As a background screening company there are a lot of different pre-employment searches that we can offer that we believe will provide candidate information that is both accurate and compliant for employers. However, there is one search in particular that we suggest not using when performing an employment background check.
Credit Reports for Employment
We are going to cut right to the chase. Pre-employment credit checks are a screening option that we do not recommend for our customers and here are 4 reasons why:
1. Credit Reports for Employment are Subjective
The results that appear in a credit check are subjective. In a credit report check, an employer will receive information such as name; address; employer; open lines of credit, such as mortgages, auto loans and credit cards; amount you owe on those lines of credit; late payments; and whether you’ve filed bankruptcy in the past 10 years. All of the results listed, with the exception of filing for bankruptcy, are consumer habits that should not impact the individuals’ ability to perform well at their job.
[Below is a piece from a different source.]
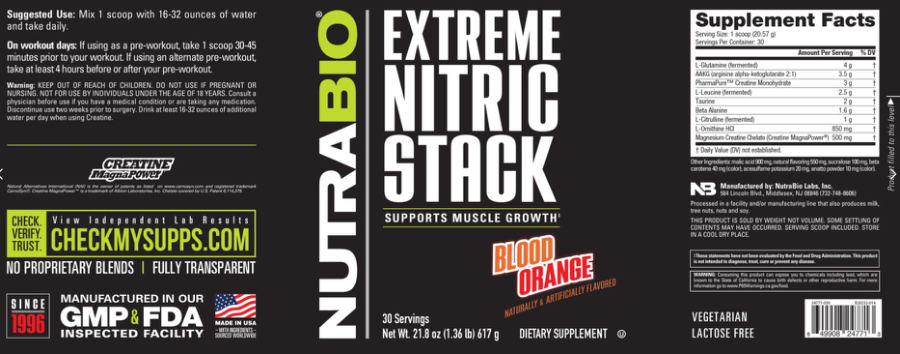 Official label of NutraBio Extreme Nitric Stack Blood Orange (NIH DSLD #329375)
2. Employers Cannot Discriminate Solely Due Because an Applicant Filed for Bankruptcy
According to the Fair Credit Reporting Act (FCRA) employers cannot discriminate, or not hire an individual, because they filed for bankruptcy. So even if this is disclosed in the credit report it may be illegal to use when making a hiring decision.
3. All Major Financial Red Flags are Found in a Standard Criminal Background Check
If the position is of one that the employee will be handling company money a standard criminal background check would provide all relevant information. A standard criminal background check will provide information, in the event that the crime occurred, including: embezzlement, bribery, theft,
4. State and City Limitations for Performing a Credit Report for Employment
There are 11 states and 4 cities that ban the use of credit reports for employment purposes. If you are performing a credit report in one of the following: California, Colorado, Connecticut, Hawaii, Illinois, Maryland, Nevada, Oregon, Vermont, Washington, the District of Columbia, Chicago, New York City and Philadelphia you putting your organization at risk of a discriminatory hiring lawsuit.